Mass.: Proposed 50% Property Tax Hike Tearing Town Apart
Scott Calvert, WSJ
Today’s political leaders love to tell Americans they have a laser focus on “affordability.” Then many of them make life more expensive by raising taxes. This article reports on the Massachusetts town of South Hadley where a ballot measure requesting a 50 percent increase in property taxes is stirring debate.

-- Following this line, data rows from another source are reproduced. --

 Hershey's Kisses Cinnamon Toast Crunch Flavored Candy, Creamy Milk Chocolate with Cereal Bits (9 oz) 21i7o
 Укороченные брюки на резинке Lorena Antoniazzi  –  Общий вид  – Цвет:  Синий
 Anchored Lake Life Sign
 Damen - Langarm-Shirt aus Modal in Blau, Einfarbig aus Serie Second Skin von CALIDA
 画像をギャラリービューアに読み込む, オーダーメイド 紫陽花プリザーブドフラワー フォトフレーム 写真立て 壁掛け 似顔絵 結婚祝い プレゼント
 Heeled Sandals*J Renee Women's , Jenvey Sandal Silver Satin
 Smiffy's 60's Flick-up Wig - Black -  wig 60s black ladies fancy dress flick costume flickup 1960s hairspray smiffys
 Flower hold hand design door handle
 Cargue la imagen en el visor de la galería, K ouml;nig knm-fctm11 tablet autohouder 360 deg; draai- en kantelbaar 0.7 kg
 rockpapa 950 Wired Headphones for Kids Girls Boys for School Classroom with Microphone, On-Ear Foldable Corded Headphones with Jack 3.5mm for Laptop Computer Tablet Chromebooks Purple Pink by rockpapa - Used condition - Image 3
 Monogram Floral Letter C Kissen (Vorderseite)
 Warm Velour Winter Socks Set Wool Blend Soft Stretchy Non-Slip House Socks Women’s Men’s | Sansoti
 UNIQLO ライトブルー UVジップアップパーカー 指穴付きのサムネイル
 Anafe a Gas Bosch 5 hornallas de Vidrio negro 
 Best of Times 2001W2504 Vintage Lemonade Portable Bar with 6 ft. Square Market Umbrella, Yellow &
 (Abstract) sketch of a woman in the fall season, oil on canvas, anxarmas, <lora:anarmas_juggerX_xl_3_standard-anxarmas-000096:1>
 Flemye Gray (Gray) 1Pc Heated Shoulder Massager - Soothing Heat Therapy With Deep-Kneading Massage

Without millions in additional taxes, local officials warn, there will be deep cuts: no school sports or extracurriculars and slashed Advanced Placement offerings, along with hits to police and public-works staffing. But critics counter that a potential 50% jump in property-tax bills, even phased in over five years as envisioned, would overburden residents already feeling higher prices for groceries, gas and other essentials. Some opponents say the town should instead cut what they deem to be excessive local government salaries and bloat. … If [voters approve the 50 percent tax hike] owners of an average home valued at $417,000 would see their property tax bill rise from $5,640 to $8,477, likely over five years, the town says.
This article reports that South Hadley’s financial crunch, driven by factors like a 42% jump in health-care costs and diminished state aid, may be a sign of things to come nationwide, as towns face higher municipal costs and state-imposed revenue limits just when federal pandemic-era aid that propped up budgets is ending.
CA.: Sex-Changes for Homeless Illegal Aliens
City Journal
This article reports that San Francisco’s homeless shelters are not only housing several illegal immigrants using state services but several male-to-female transgender illegal aliens hoping to obtain taxpayer-funded gender-affirming care. At the city’s largest homeless shelter,
we spoke with two Honduran men, “Lyca” and “Alondra,” who identified as transgender women. Both indicated that the local government gave them shelter and food. Lyca, who wore long hair and red lipstick, was candid about this arrangement. He confirmed that he was an illegal immigrant and that the shelter doesn’t ask questions about immigration status. “Tengo Medi-Cal,” he said, referring to the state health-care program, which, under Governor Gavin Newsom, began providing “full scope” coverage to illegal aliens, which includes transgender procedures, or “gender affirming care.” He said he was receiving cross-sex hormone therapy—and bore the physical signs of having done so.
This article does not provide hard numbers about the issues it raises, making it difficult to determine the extent of the activity it describes.